BEGIN

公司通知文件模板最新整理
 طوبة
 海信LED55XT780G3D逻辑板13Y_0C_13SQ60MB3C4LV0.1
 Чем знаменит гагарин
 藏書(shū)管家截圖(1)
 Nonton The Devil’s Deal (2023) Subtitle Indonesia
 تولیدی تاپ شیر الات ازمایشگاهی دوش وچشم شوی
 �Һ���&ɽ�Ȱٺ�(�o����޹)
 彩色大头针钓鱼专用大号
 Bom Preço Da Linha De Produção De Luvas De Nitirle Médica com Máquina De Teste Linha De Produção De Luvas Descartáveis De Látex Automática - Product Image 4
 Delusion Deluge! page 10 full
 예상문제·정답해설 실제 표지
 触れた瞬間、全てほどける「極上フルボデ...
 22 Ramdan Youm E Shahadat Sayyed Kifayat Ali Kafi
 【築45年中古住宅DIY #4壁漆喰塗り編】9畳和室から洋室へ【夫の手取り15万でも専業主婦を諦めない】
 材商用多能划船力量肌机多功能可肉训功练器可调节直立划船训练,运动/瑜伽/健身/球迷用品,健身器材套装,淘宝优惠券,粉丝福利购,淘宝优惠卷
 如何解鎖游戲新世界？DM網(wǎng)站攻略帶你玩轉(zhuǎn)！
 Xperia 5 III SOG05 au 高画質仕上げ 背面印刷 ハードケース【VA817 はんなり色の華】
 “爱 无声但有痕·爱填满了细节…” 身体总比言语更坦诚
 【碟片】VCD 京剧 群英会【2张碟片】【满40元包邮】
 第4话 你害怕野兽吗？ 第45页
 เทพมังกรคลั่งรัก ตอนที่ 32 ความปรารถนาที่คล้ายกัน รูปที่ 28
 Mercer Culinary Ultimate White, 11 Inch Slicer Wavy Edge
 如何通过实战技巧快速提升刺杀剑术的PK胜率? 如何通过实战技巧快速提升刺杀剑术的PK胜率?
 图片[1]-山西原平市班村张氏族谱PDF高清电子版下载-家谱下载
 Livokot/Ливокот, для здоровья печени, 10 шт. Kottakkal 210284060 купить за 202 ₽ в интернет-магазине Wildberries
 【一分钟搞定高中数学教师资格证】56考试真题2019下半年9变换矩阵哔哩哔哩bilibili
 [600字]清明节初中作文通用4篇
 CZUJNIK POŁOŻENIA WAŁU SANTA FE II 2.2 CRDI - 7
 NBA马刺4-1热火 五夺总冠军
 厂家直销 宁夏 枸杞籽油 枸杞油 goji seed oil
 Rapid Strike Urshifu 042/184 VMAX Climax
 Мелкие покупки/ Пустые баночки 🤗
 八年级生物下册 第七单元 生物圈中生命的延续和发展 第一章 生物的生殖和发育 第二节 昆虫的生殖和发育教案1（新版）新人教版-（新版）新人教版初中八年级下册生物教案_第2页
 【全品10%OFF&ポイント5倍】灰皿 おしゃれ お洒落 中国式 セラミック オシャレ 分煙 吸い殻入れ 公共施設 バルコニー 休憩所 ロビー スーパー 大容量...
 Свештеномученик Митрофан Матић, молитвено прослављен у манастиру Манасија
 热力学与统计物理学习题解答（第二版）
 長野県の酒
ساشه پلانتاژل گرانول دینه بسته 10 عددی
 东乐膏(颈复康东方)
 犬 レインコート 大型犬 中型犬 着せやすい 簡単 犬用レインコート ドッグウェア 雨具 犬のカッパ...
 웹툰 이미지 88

END

» **WHAT THE TASK ASKS**: Your job is to print exactly the lines that run from the top of the entries through the line with "22 Ramdan Youm", and no others.

» **ANSWER BOX**:
公司通知文件模板最新整理
 طوبة
 海信LED55XT780G3D逻辑板13Y_0C_13SQ60MB3C4LV0.1
 Чем знаменит гагарин
 藏書(shū)管家截圖(1)
 Nonton The Devil’s Deal (2023) Subtitle Indonesia
 تولیدی تاپ شیر الات ازمایشگاهی دوش وچشم شوی
 �Һ���&ɽ�Ȱٺ�(�o����޹)
 彩色大头针钓鱼专用大号
 Bom Preço Da Linha De Produção De Luvas De Nitirle Médica com Máquina De Teste Linha De Produção De Luvas Descartáveis De Látex Automática - Product Image 4
 Delusion Deluge! page 10 full
 예상문제·정답해설 실제 표지
 触れた瞬間、全てほどける「極上フルボデ...
 22 Ramdan Youm E Shahadat Sayyed Kifayat Ali Kafi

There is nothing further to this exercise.